Erciyes Üniversitesi (ERÜ) Enfeksiyon Hastalıkları ve Klinik Mikrobiyoloji Ana Dalı Başkanı Prof. Dr. Orhan Yıldız, "Koronavirüs dünyada 2003, 2012 ve 2019-2020 tarihleri arasında görüldü. 2028-2030 yılları arasında aşı geliştirilmez ise koronavirüsün bir başka mutasyonu ile karşı karşıya kalacağız" dedi.

ERÜ Enfeksiyon Hastalıkları ve Klinik Mikrobiyoloji Ana Dalı Başkanı Prof. Dr. Orhan Yıldız, koronavirüsün her yıl atak yapan bir virüs olmadığını, 8-10 yıl zaman sonra yeniden görülme olasılığının bulunduğunu söyledi. Prof. Dr. Yıldız, "Koranavirüs 1960’lı yıllarda bulunmuş bir virüstür. Bu virüs hep vardı ve şekil değiştirdi. Koronavirüs insanlara bulaşabilir, öldürücü olabilir bir forma ulaştı. Bu özelliğini yitirmesini beklememeliyiz. Ortaya çıkan durum bir mutasyondur. Koronavirüs önceden sadece hayvanlarda görülürken şimdi insanlarda görülmeye başlamıştır. Bu da virüsün geliştiğini gösterir. Koronavirüs, SARS ve MERS virüslerine oranla her yıl atak yapmıyor. 8-10 yılda bir atak yapması söz konusudur. 2028'e ne olacak kestirmek zor. Virüs daha mı ölümcül olacak, daha mı çok yayılacak bilemiyoruz. Bunu belirleyecek tek şey insanoğlunun aşı geliştirmesidir. Önümüzde 8-10 yıl kadar bir dönem var. Pandemide kullanılabilecek aşı pek mümkün gözükmüyor. Şu an koronavirüs pandemisi sönmek üzere ve aşının geliştirilmesi 1,5 yılı bulacaktır. Bir sonraki pandemi için elimizde yeni silahların olması lazım. Çalışmalar 8-10 yıl içerisinde tamamlanırsa korkacağımız noktadan uzaklaşır" dedi.

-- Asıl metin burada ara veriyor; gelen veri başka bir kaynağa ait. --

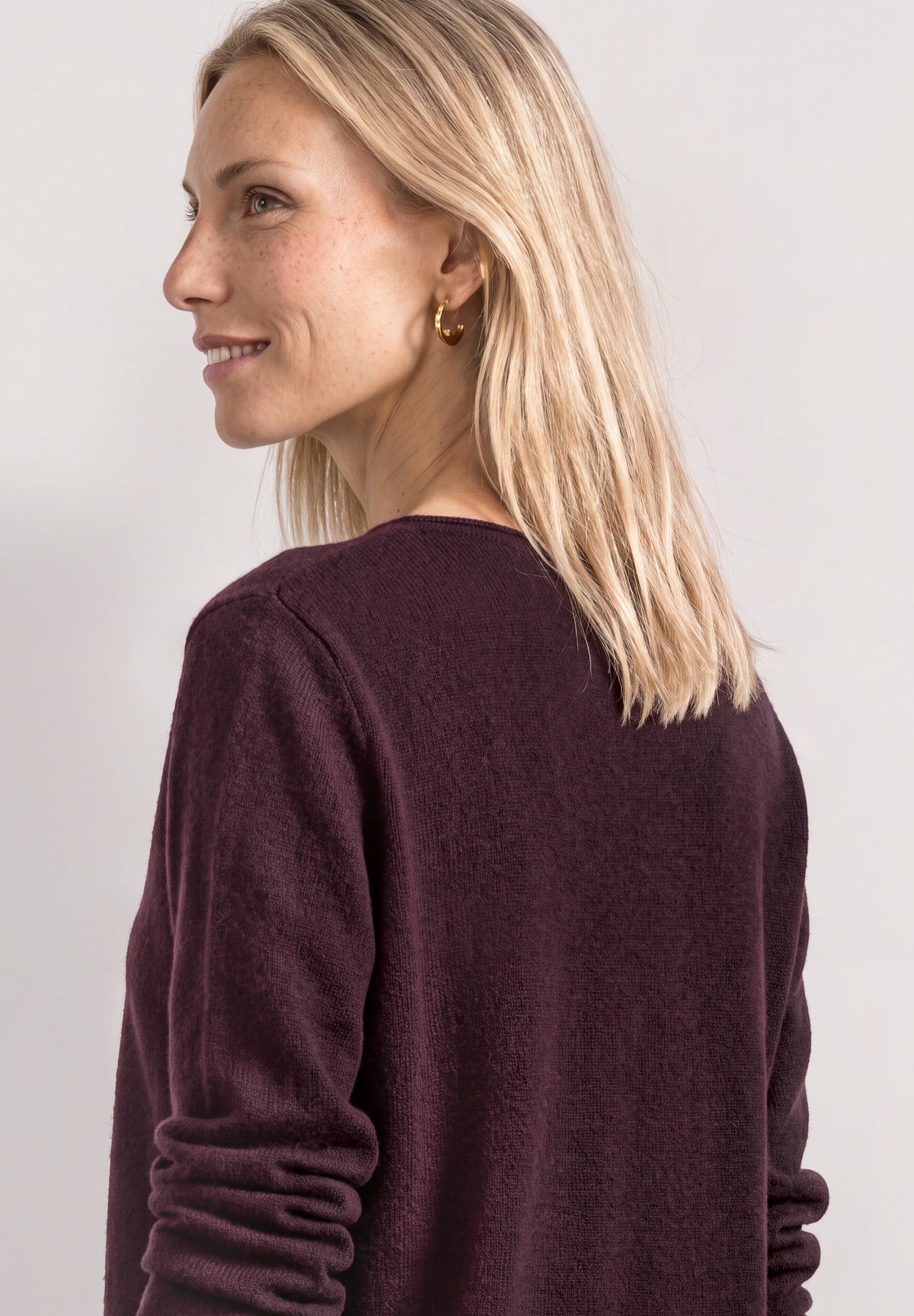 Street One - Pullover mit Boat Neck und Rollkanten - Farbe: rustic rouge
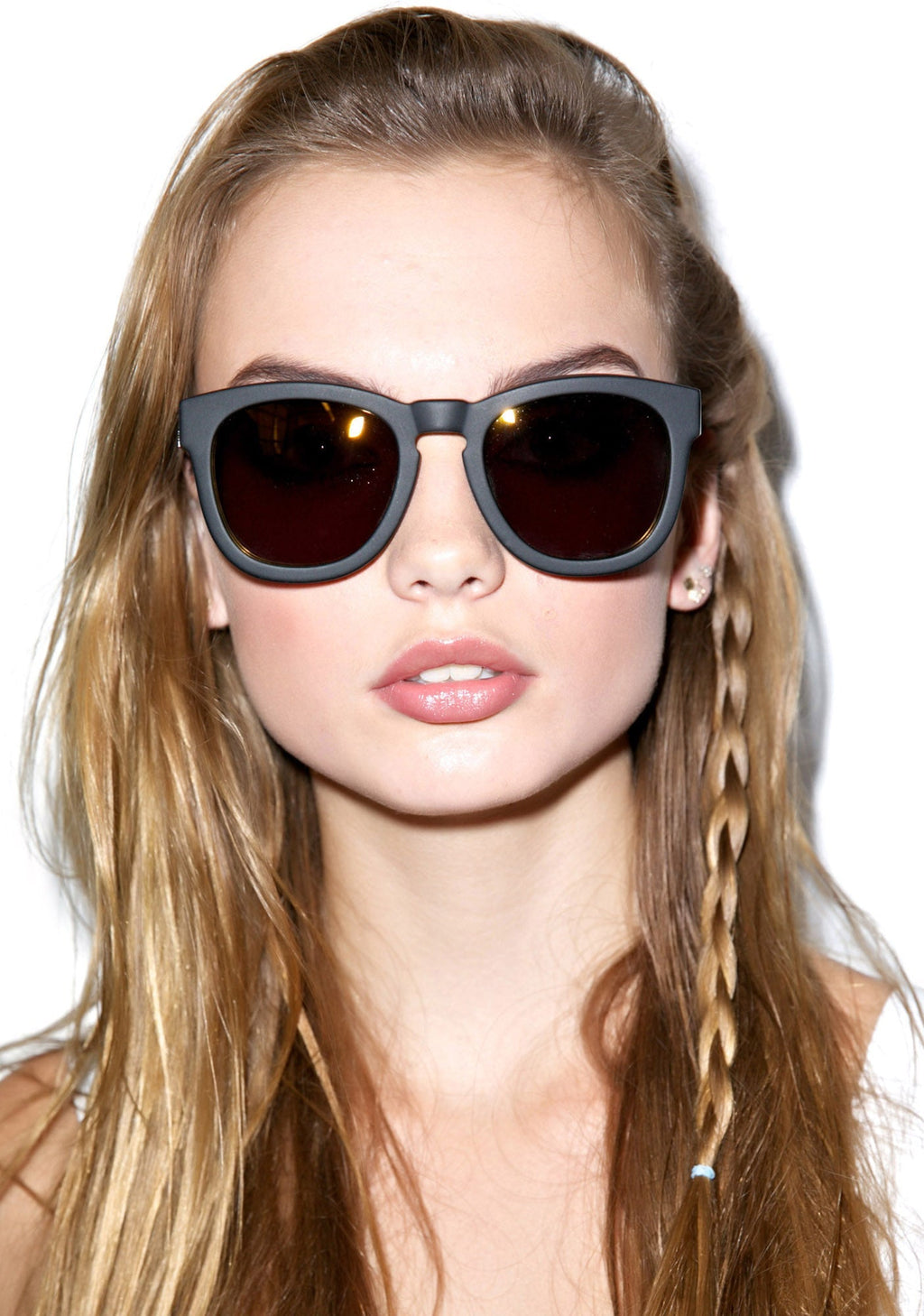 Classic Fox Mirror Sunglasses - Black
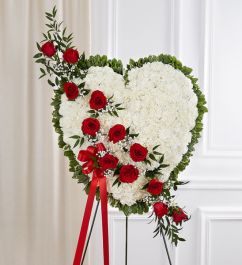 Double Heart Wreath by Park Florist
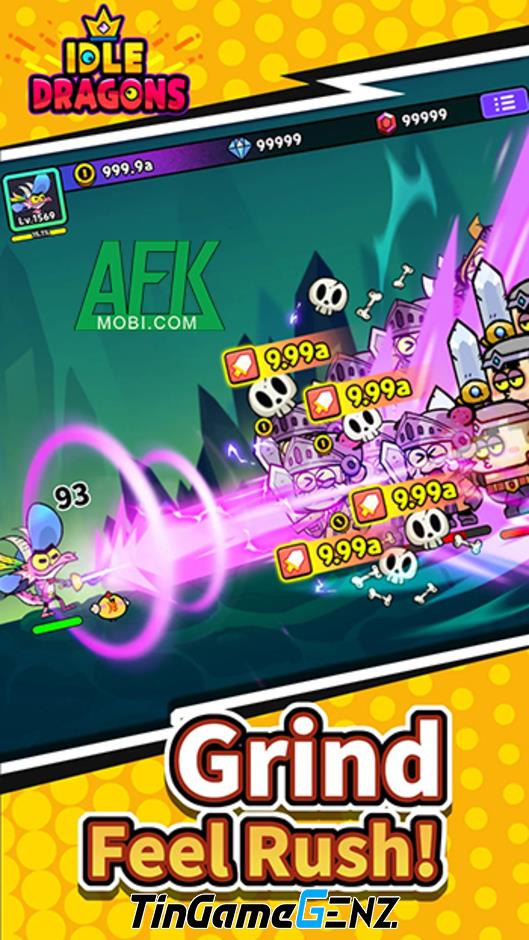 Khởi đầu cuộc phiêu lưu xây dựng chiến binh rồng trong game nhàn rỗi Idle Dragons!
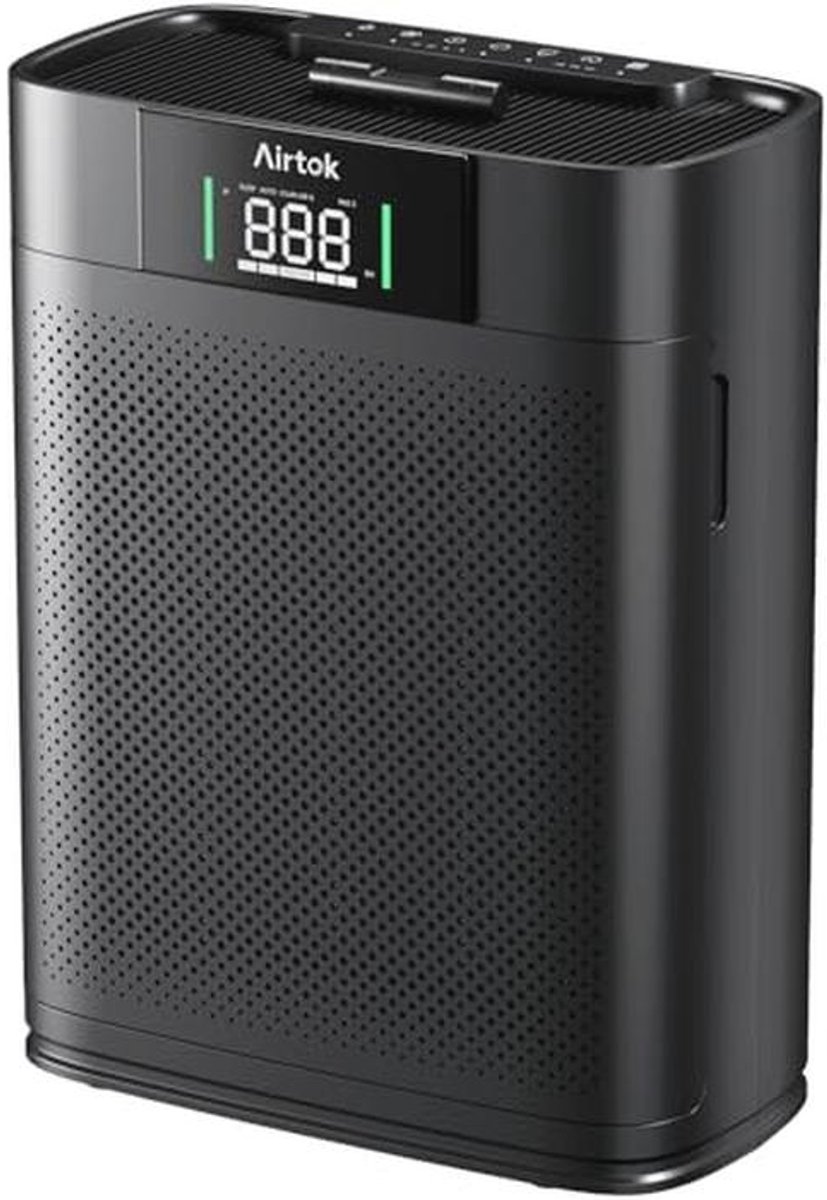Luchtreiniger voor grote ruimtes tot 300 m² met HEPA-filter en luchtkwaliteitsmonitor (9101006671971)
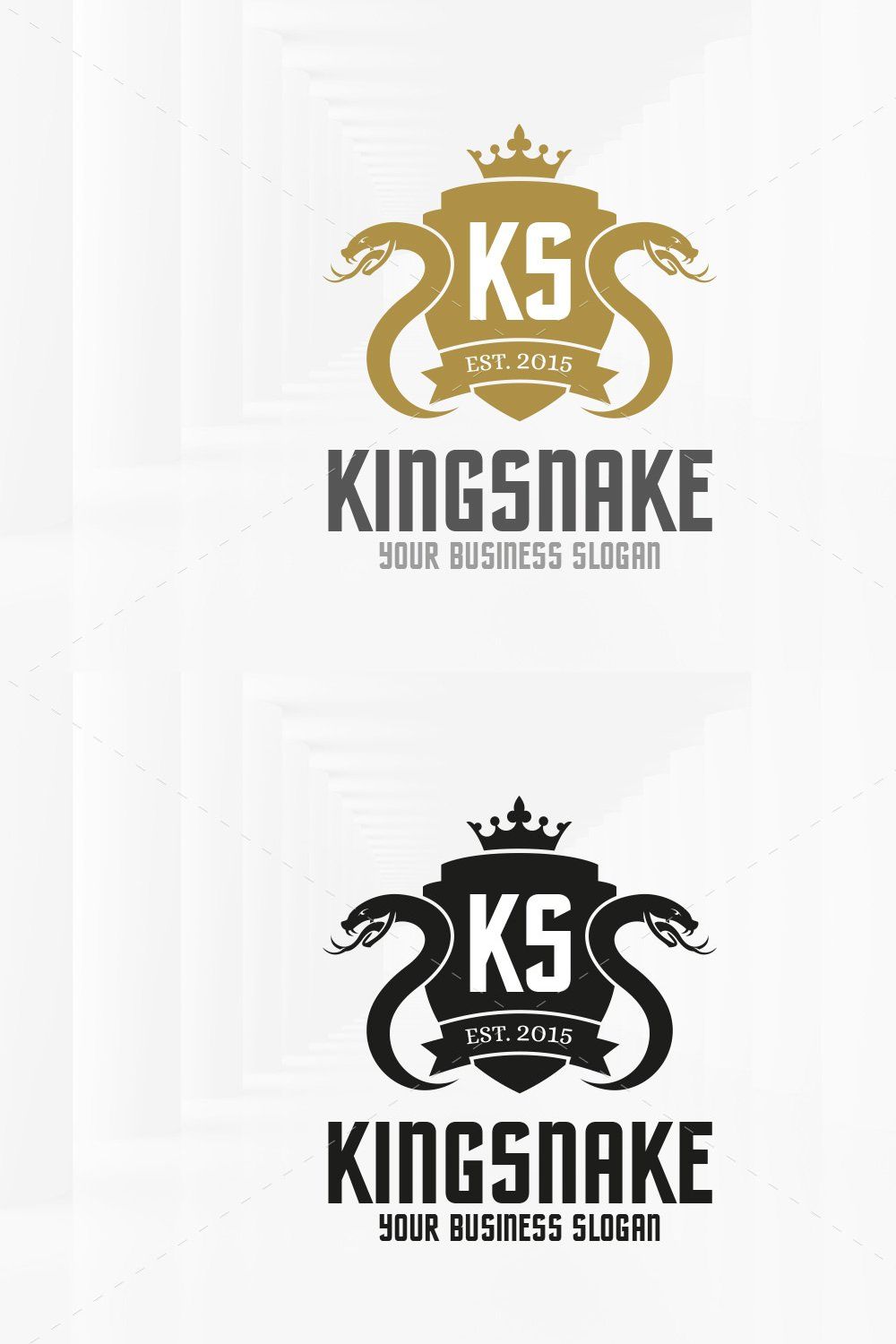 King Of Snake Logo Template pinterest preview image.
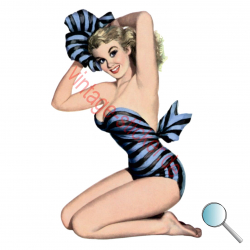 Autoaufkleber Pin Up, Aufkleber Pin Up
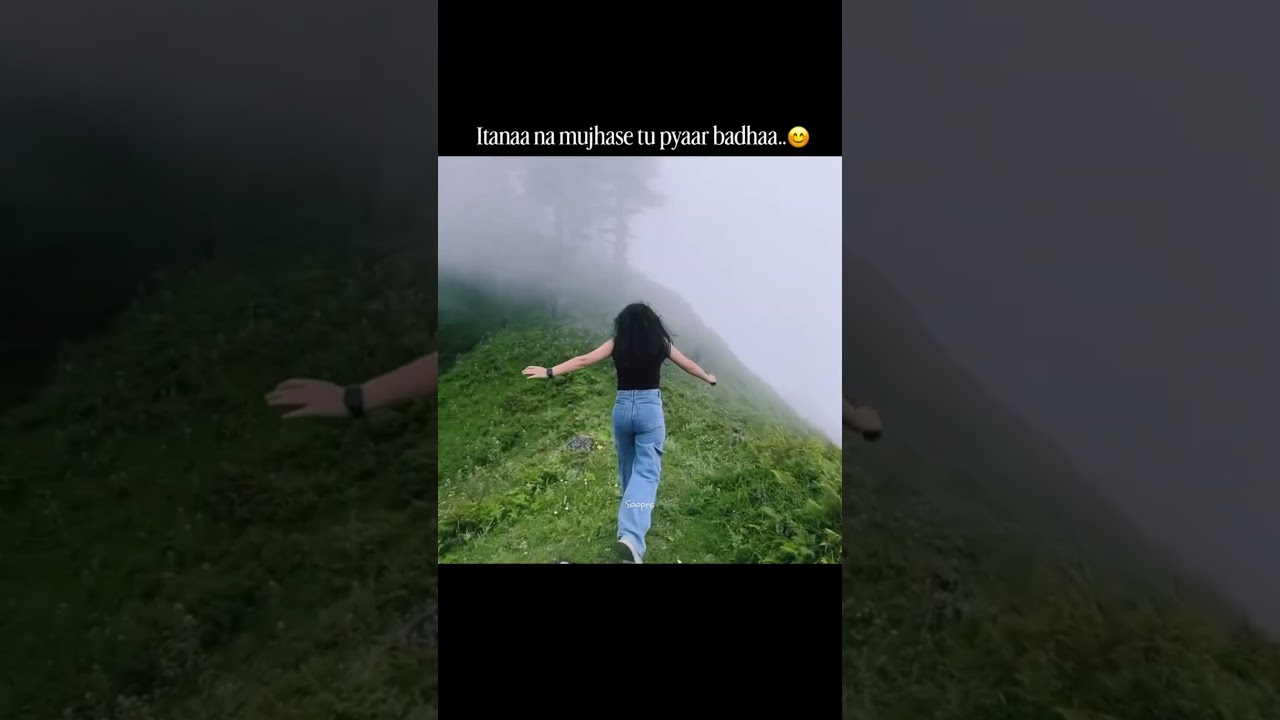 Ek Jagah Aaraam Nahi ❤️ | Old Hindi Song ke Saath Ek Khoobsurat Train Safar 🚆🌿 Nature, Peace.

'AŞI GELİŞTİRİLMEZSE BİR BAŞKA MUSTASYONU İLE KARŞI KARŞIYA KALACAĞIZ'

Hijyen ve dezenfeksiyonun artık dünya gündeminde her zaman kalacağını söyleyen Prof. Dr. Yıldız, "'Artık dünya eskisi gibi olmayacak' denilirken söylenen şeyler bu. Ülkeden ülkeye seyahatler zorlaşacak. Pek çok enfeksiyon var. El yıkamadığımız, aşı korkumuz yüzünden insanlığın başına bela olmuştur. Koronavirüs dünyada 2003, 2012 ve 2019-2020 tarihleri arasında görüldü. 2028-2030 yılları arasında aşı geliştirilmez ise koronavirüsün bir başka mutasyonu ile karşı karşıya kalacağız. Koronavirüs bittikten sonra sosyal mesafeyi koruma, kalabalık fobisi gelişmesi ve el hijyeni konularına çok dikkat edilmesi lazım" diye konuştu.

'SIRT AĞRISI VE KOKU KAYBI HASTALIK BELİRTİLERİNDEN'

Son dönemlerde koronavirüs görülen hastalarında sırt ağrısı ve koku kaybının sıklıkla görüldüğünü kaydeden Prof. Dr. Osman Yıldız "Koronavirüs her hastada aynı belirtiyi göstermez. Biz 400'e yakın koronavirüslü hasta gördük. Bu çok önemli bir tecrübe. Solunum sistemi şikayeti, öksürük, burun akıntısını genelde gelen hastalarda görülen semptomların başında geliyor. Ama son dönemlerde gelen hastaların en çok şikayet ettiği durumlardan birisi sırt ağrısı oldu. Bele, kalçaya vuran şiddetli ağrılara neden olan sırt ağrısı ile karşılaştık. Hastalarda ani koku kaybı da koronavirüs belirtilerinden birisi oluyor. Özellikle genç ve çocuk hastalarda tek şikayet ishal olabiliyor. En nadir görülen belirtilerden birisi de cilt döküntüsüdür" ifadelerini kullandı.